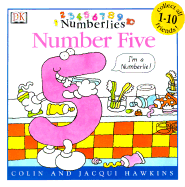 Number five - Hawkins, Colin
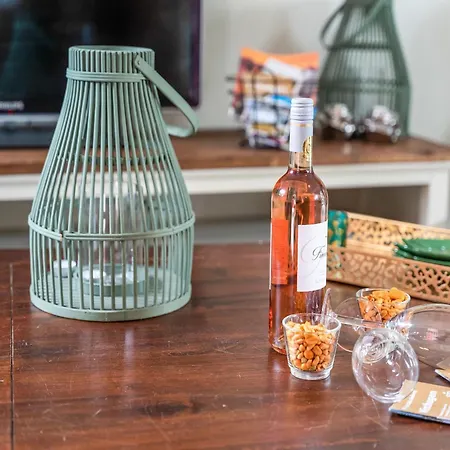 Nyaraló In Near Limburg Hills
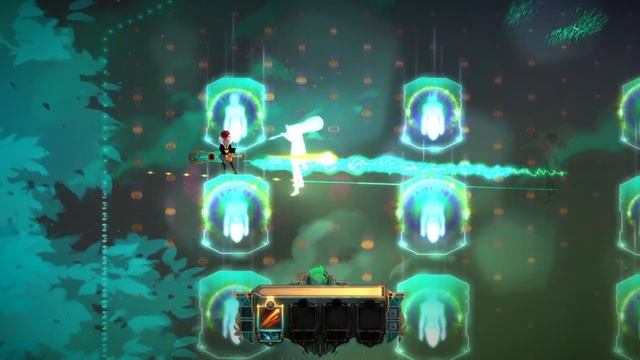 Transistor - Part 46 смотреть онлайн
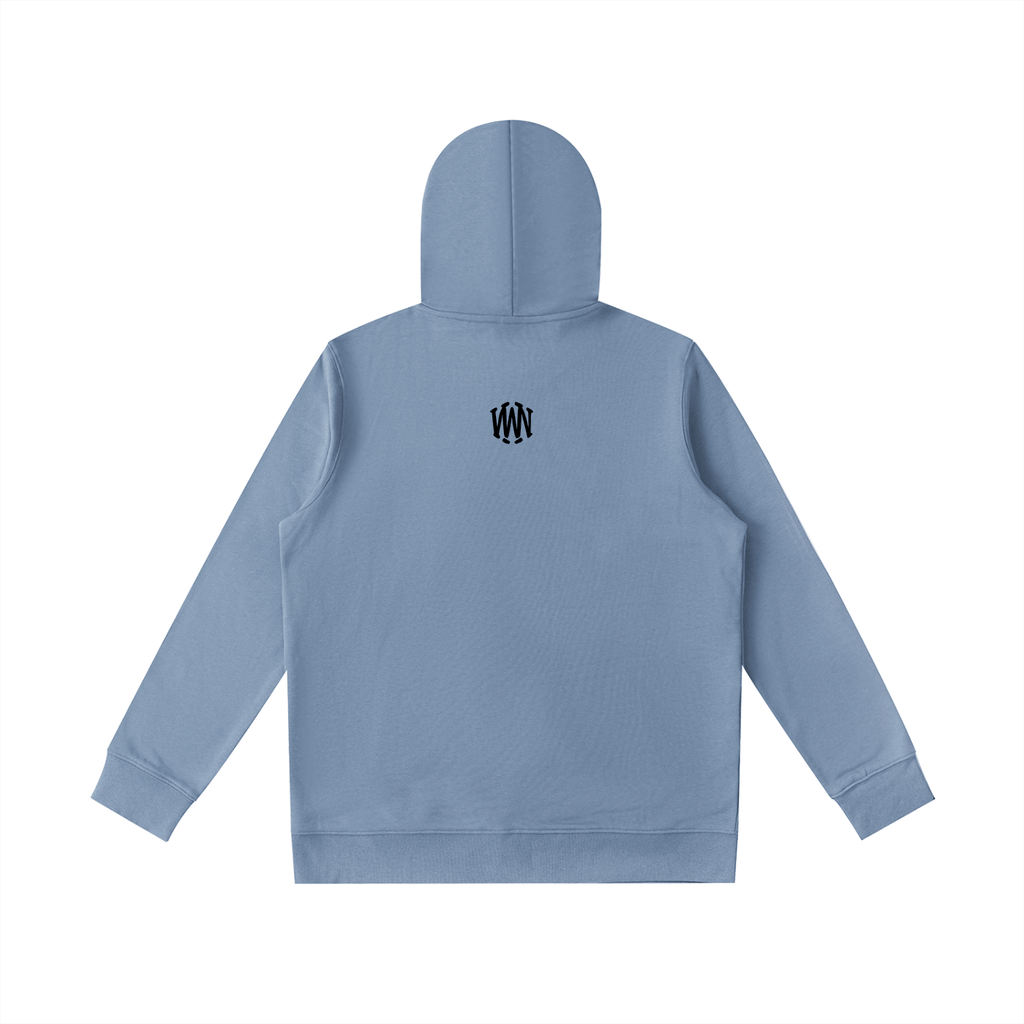 Wolvyn Essential Oversized Hoodie - Wolvyn Apparel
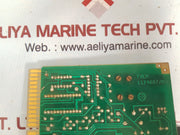 Tver 1174007/R2 Printed Circuit Board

▸ THE TASK:
Send back every record exactly as it stands, except the pictures.

▸ RESPONSE TO THE EXERCISE:
 Number five - Hawkins, Colin
 Nyaraló In Near Limburg Hills
 Transistor - Part 46 смотреть онлайн
 Wolvyn Essential Oversized Hoodie - Wolvyn Apparel
 Tver 1174007/R2 Printed Circuit Board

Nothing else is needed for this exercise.